I’ve created a prototype command line interface for Stan that’s meant to be easier to use than CmdStan. If anyone is a CmdStan users and has some time to check it out, please leave some feedback here on discourse.
> examples/bernoulli/bernoulli sample adapt delta=0.9 algorithm=hmc engine=nuts max_depth=14 data file=examples/bernoulli/bernoulli.data.R
In the prototype, the order of the options doesn’t matter. In CmdStan, arguments are nested, so you need algorithm=hmc engine=nuts max_depth=14 to set the max treedepth.
Feedback
If you have any feedback, good or bad, please post it here or dm me.
Within a particular subcommand (e.g. sample vs optimize) the keywords can’t overlap. But that isn’t really a problem in our arguments.
I had considered doing something more substantial, but wanted to wait before doing anything with more effort. Something larger should really be done with a design in mind. This one, I just hacked together.
Maybe I should be a little clearer. I didn’t just throw it together with throw-away code. I think it’s clean and thought through well enough for what it is. It just wasn’t something that had an API design up front, software design, then implementation. All three happened organically. There are plenty of different ways to implement the same thing. There are some choices I made that other people would have made differently.

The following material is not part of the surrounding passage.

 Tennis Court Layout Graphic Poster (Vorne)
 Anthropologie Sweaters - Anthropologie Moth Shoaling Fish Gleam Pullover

That’s why this is a prototype… it’s something I put together (with minimal feedback).
I showed it to @mitzimorris and @RTrangucci a few days ago. But otherwise, it was just a solo effort.
yes, the keyword “file” is ambiguous between data_file and output_file.

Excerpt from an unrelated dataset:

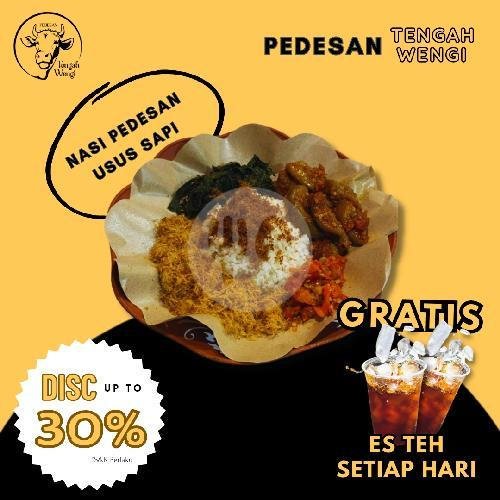 Pedesan Paru Cabai Hijau Dan Nasi Daun Jeruk + Es Teh menu Pedesan Tengah Wengi, Soekarno-Hatta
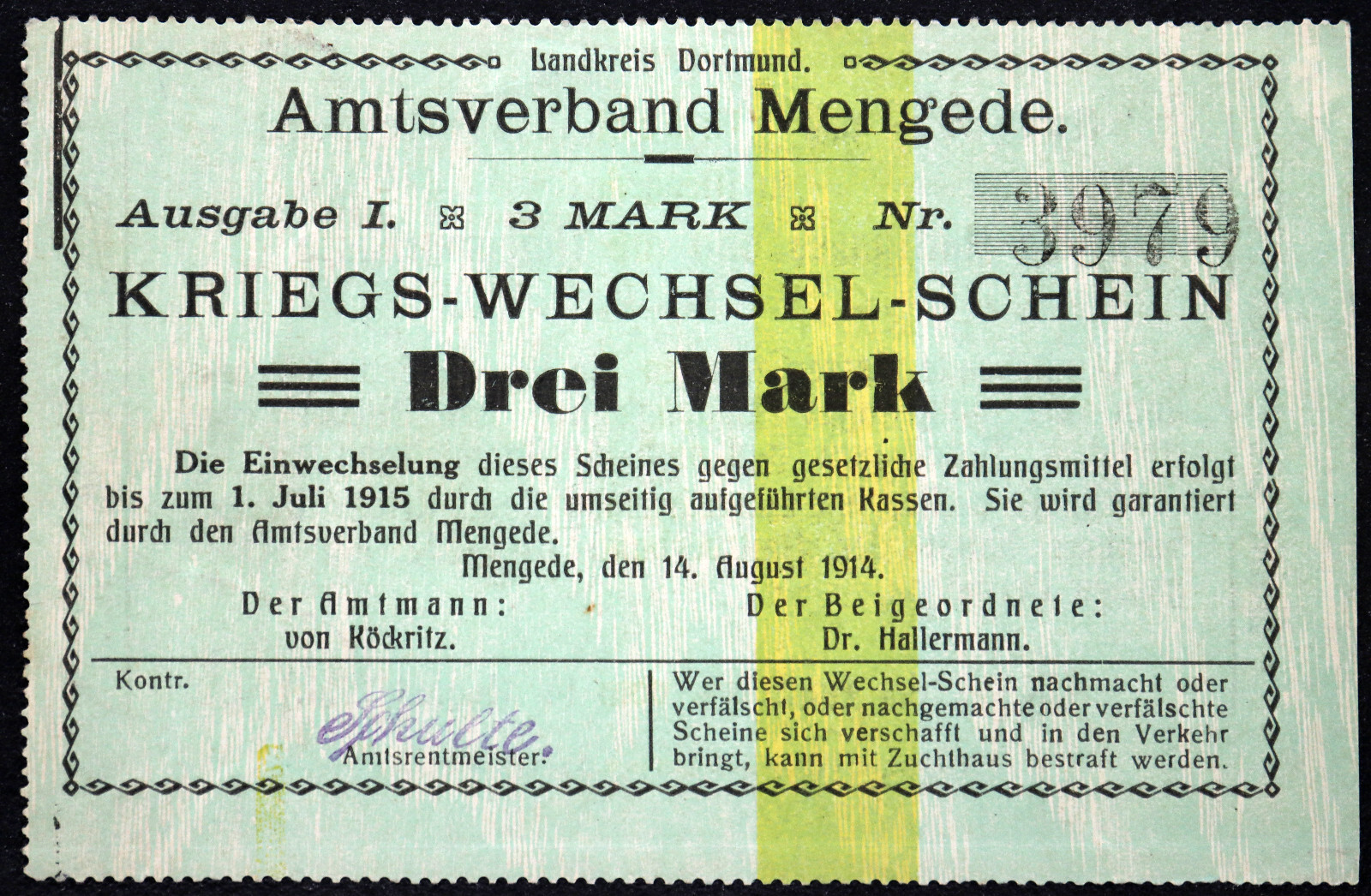 MENGEDE 1914 3 Mark Early WWI German Notgeld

otherwise, the keywords are not ambiguous.
here’s a nice comparison of the library used to handle the command line arguments with the boost::program_options library: Comparing CLI11 and Boost PO -
I would really like to see this in cmdstan, if possible, not as a separate repo. We will very likely have to bump major version for the incoming language changes in the not-so-distant future anyways. And there is now a substantial amount of deprecated stuff, etc. Maybe we can do this together with that? Another suggestion would be to add this to the cmdstan3 design doc (https://github.com/stan-dev/design-docs/pull/15)?
We could make a translator of the old commands to the new ones fairly easy.

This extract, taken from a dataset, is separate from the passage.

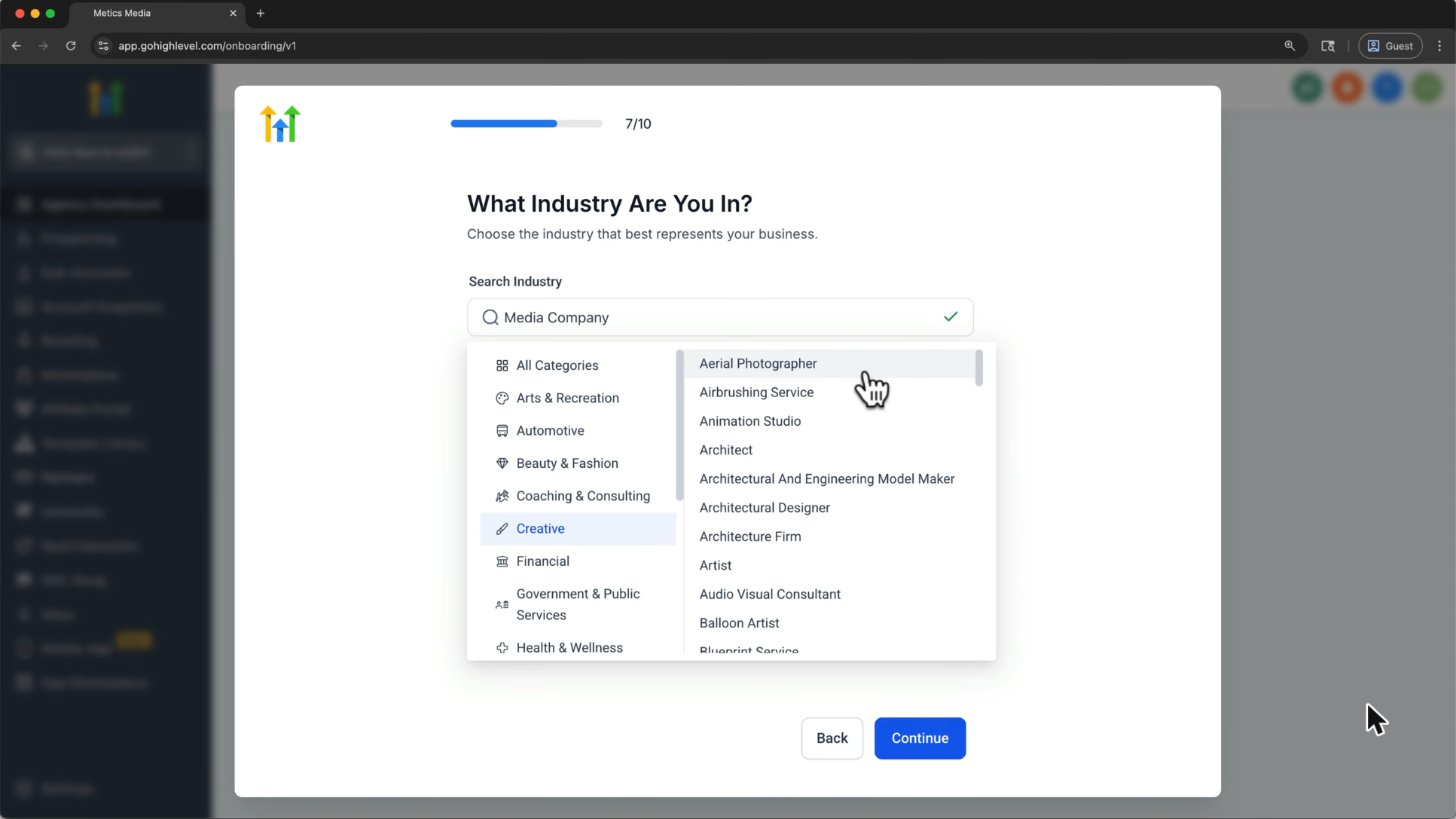 Choosing your industry during GoHighLevel onboarding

Awesome! If there’s enough demand, we could do that.
If we’re going to bump versions, I think there’s actually some substantial change we can make to make the arguments make more sense. Some things that I didn’t do in order to be compatible with CmdStan:
rename nun_samples to num_draws or even draws
change data_file to something like input_file or something similar so the short name is -i to match the output of -o (like other programs)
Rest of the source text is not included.